A few of us have been known to anguish over the term neglected and underutilized species, for a couple of reasons. First off, why use underutilized when underused will do? More importantly, though, it invites a couple of questions. Neglected by whom? Underused by whom? Neglected by science and research, usually, and underused by people who could make more use of them. But still, it’s an unsatisfactory phrase, because as soon as researchers have become interested and people have started making more use of it, the species in question is neither neglected nor underused. “Orphan crops” is lame. Nothing else quite captures it. All of which is somewhat by the by.

Except that I’ve just come across the phrase “uncultivated biodiversity” in a book recently published by the International Research Development Centre in Canada. Food Sovereignty and Uncultivated Biodiversity in South Asia: Essays on the Poverty of Food Policy and the Wealth of the Social Landscape promises to be a fascinating read.

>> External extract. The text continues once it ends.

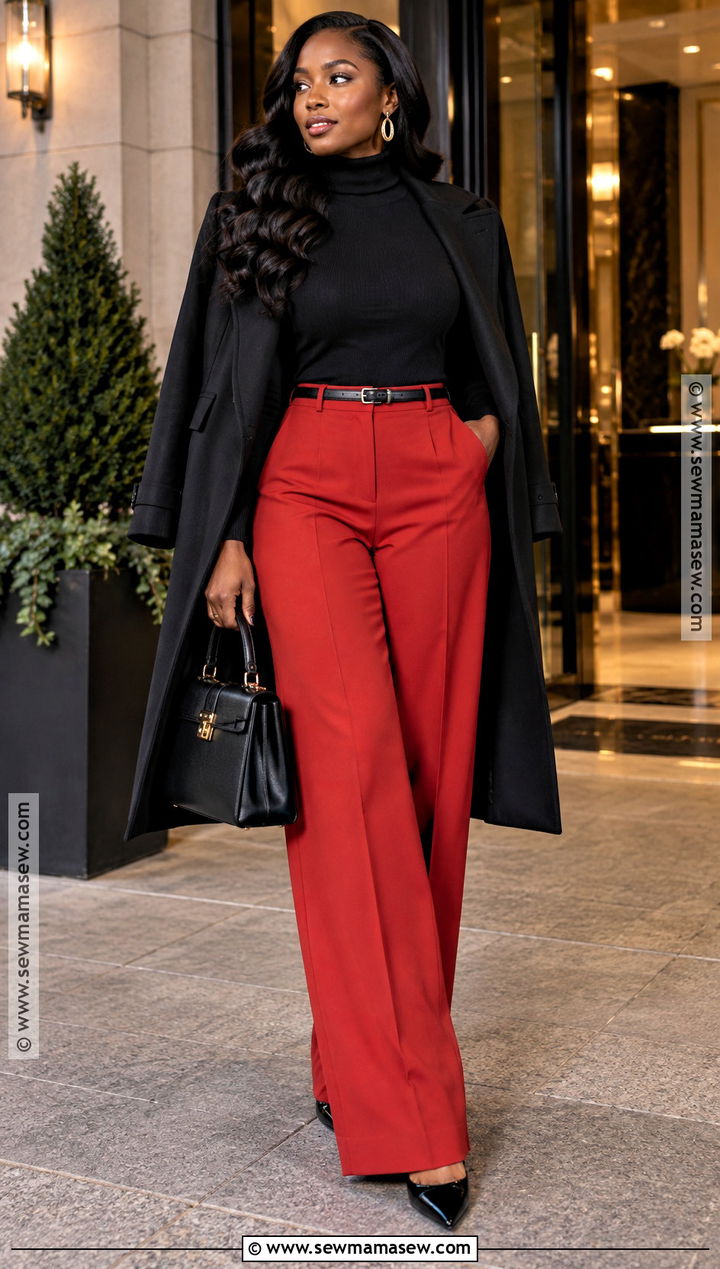 Black Turtleneck And Red Wide Leg Pants Outfit - 25 fall date night outfit ideas for black women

Based on extensive field research in India and Bangladesh, with and by farming communities, the book offers both people-based and evidence-based perspectives on the value of ecological farming, the survival strategies of the very poor, and the ongoing contribution of biodiversity to livelihoods. It also introduces new concepts such as “the social landscape” and “the ethical relations underlying production systems” relevant to key debates concerning the cultural politics of food sovereignty, land tenure, and the economics of food systems. The authors are leading activists and accomplished researchers with a long history of engagement with farming communities and the peasant world in South Asia and elsewhere.

The whole book is available for download, but I might just have to spring for a printed copy because it comes with a DVD of farmer-made films that I’d love to see. Come to think of it, if anyone at IDRC is reading this, why not enter them in our competition?

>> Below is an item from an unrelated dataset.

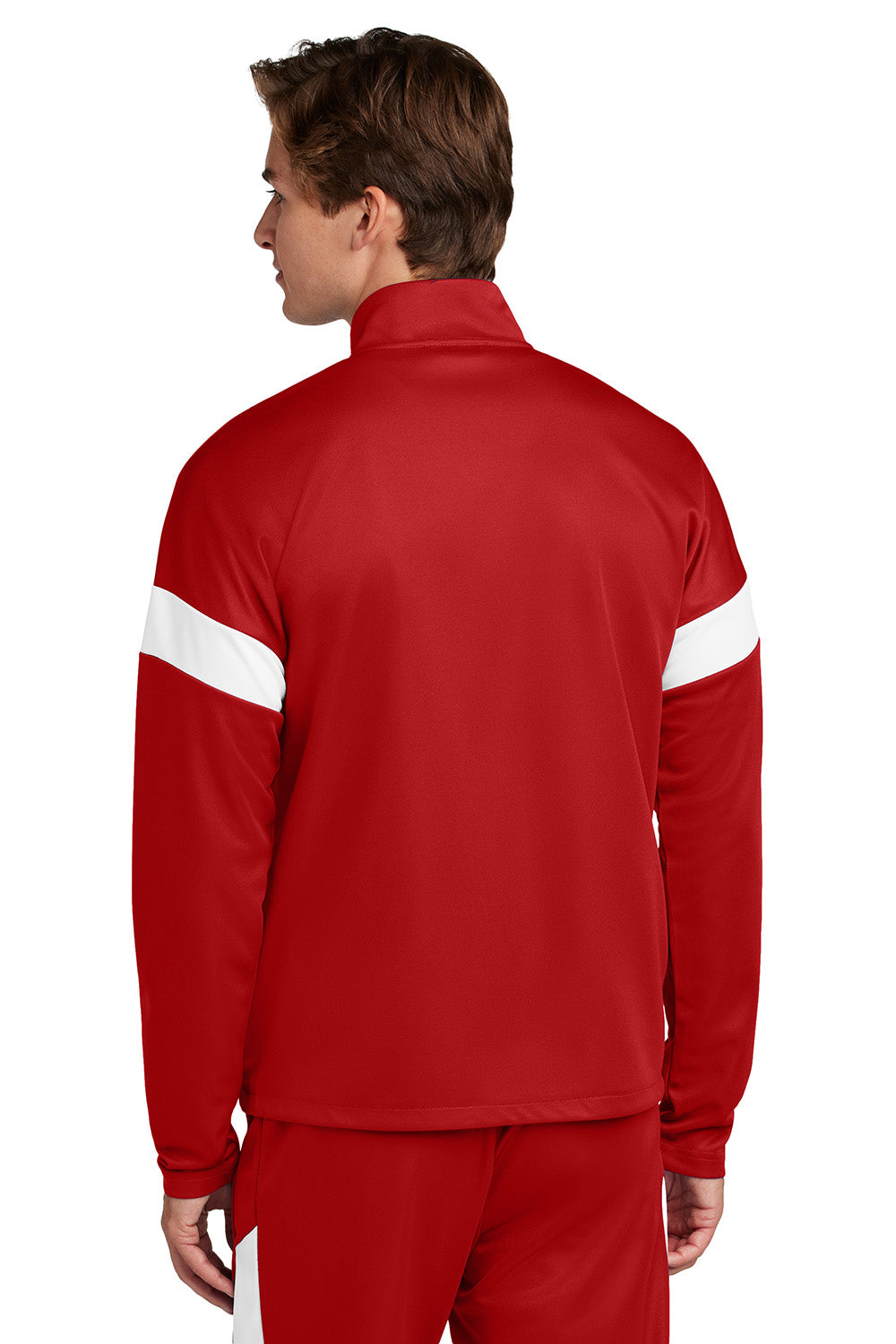 Sport-Tek ST800 Mens Travel Full Zip Jacket Deep Red/White Model Back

Of course, “uncultivated biodiversity” doesn’t solve the problem of what to call those pesky species that are cultivated and used by people but remain neglected and underutilized by researchers. Suggestions?

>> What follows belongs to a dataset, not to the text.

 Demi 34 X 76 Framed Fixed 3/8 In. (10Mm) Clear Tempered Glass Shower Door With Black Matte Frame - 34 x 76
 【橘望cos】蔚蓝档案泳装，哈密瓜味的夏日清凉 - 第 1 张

“Sensually mapping the world”

An article by Andrew Jefford over at the Financial Times’ Food and Drink section dissects the concept of “appellations d’origine controlée.” This refers to a system which provides legal protection for a name of an agricultural product made in a particular way in a particular place. Thus, champagne is not just any old sparkling wine, but, “wine produced by a special method, from pinot noir, pinot meunier and chardonnay grapes grown in a circumscribed region of France lying east of Paris.”

The article is a great read. Here’s a longer sample, to give you the — as it were — flavour:

Thanks to the efforts of some 250 local growers with 9,000 ha of meadows irrigated by the river Durance via an intricate series of canals in place since the late 17th century, even hay from the stony Crau plain achieved certification, in 1997, to protect and expand the reputation of this uniquely sweet, nutritious animal feed; only these growers have the right to tie their bales with a distinctive red and white twine. The hay is cut three times every summer, the first cut being ideal for horses and beef cattle, the second cut for dairy cattle and milking ewes, and the third for sheep and goats… Appellations are a way of sensually mapping the world.